Mobile app provides remote control for the IVI 3D printer [Source: IVI]

This is seems to be a screenshot of a mobile app that offers remote control of the device. There are the usual controls and current state monitors. Note that feedrate, flowrate and temperature are all marked “NA”, as the machine apparently is performing a resin print at this time. They would not be “NA” if a filament print was underway.

A filament-based 3D print on the IVI 3D printer [Source: IVI]

A filament-based 3D print on the IVI 3D printer [Source: IVI]

Finally we see a reasonably large-sized filament 3D print underway. This appears to be a pretty much standard delta print.

Let's add this all up. We have a machine that:

  • 3D prints in resin and filament

  • Can CNC mill solid objects

  • Performs laser engraving

  • 3D scans objects, including shiny objects, apparently

  • Monitors all processes with closed loop technology.

And all this can be yours for only US$799, or US$299 purchase it during their launch campaign.

I've read discussions about this device that point out many issues with the design elements versus the proposed cost, particularly the cost of some high-end the components visible in the video, whose cost alone might exceed US$799, let alone US$299.

I'm afraid i'll have to join the skeptics on this one.

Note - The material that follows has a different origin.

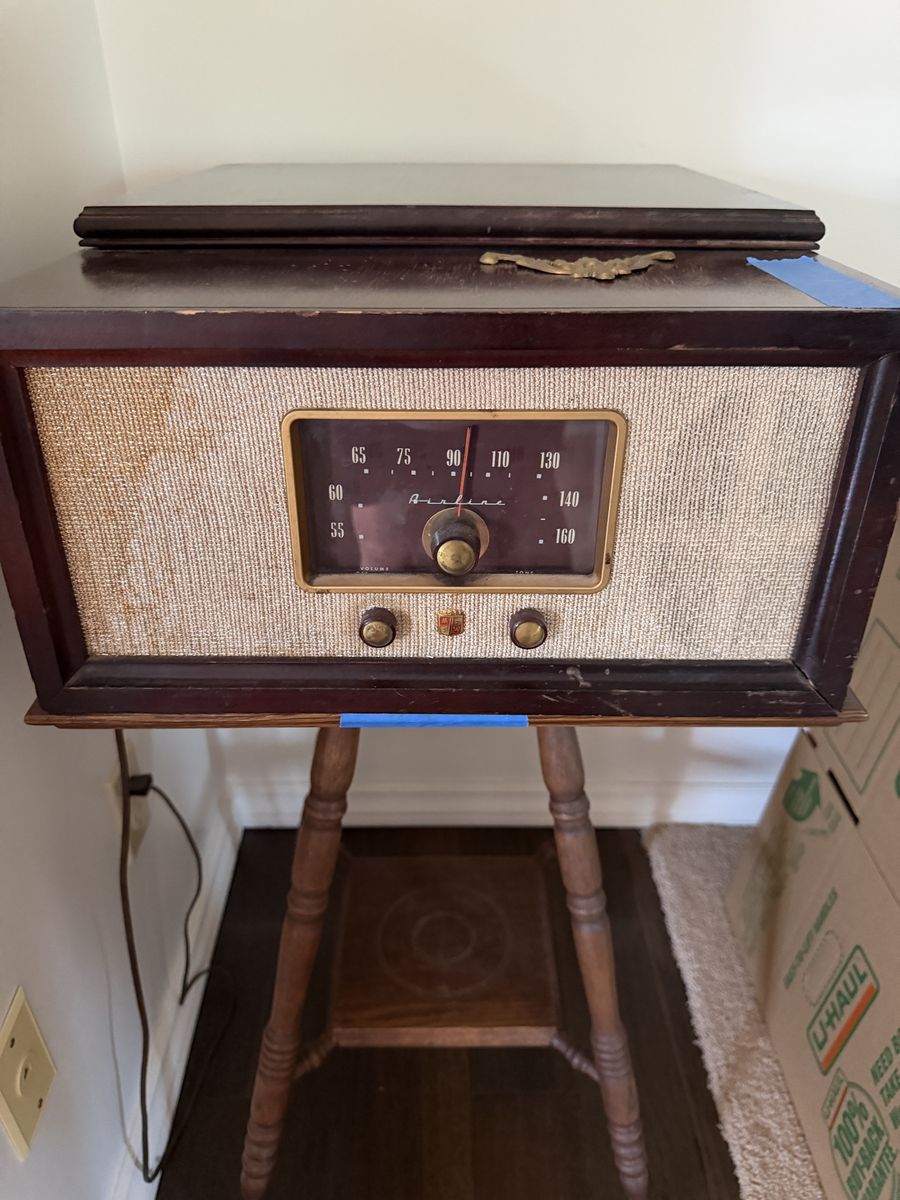 Vintage Airline Wood Console Radio/Record Player - Mid-Century Decor Piece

This machine is clearly priced far too low for it to be a viable business, and possibly even functionally viable.

It may be that this could be another future Kickstarter failure, as we have seen many times in the past. Startup companies who focus on low-cost aspects too intently very often neglect manufacturing issues that cannot be overcome. The result in the past has been launch backers who have paid their money and not received a machine. Nevertheless, an inspection of their current Kickstarter page shows they’ve already raised far more than their original modest goal of US$50K. Some people are attracted to the low price without considering other factors.

I'm curious to see how this plays out, aren't you?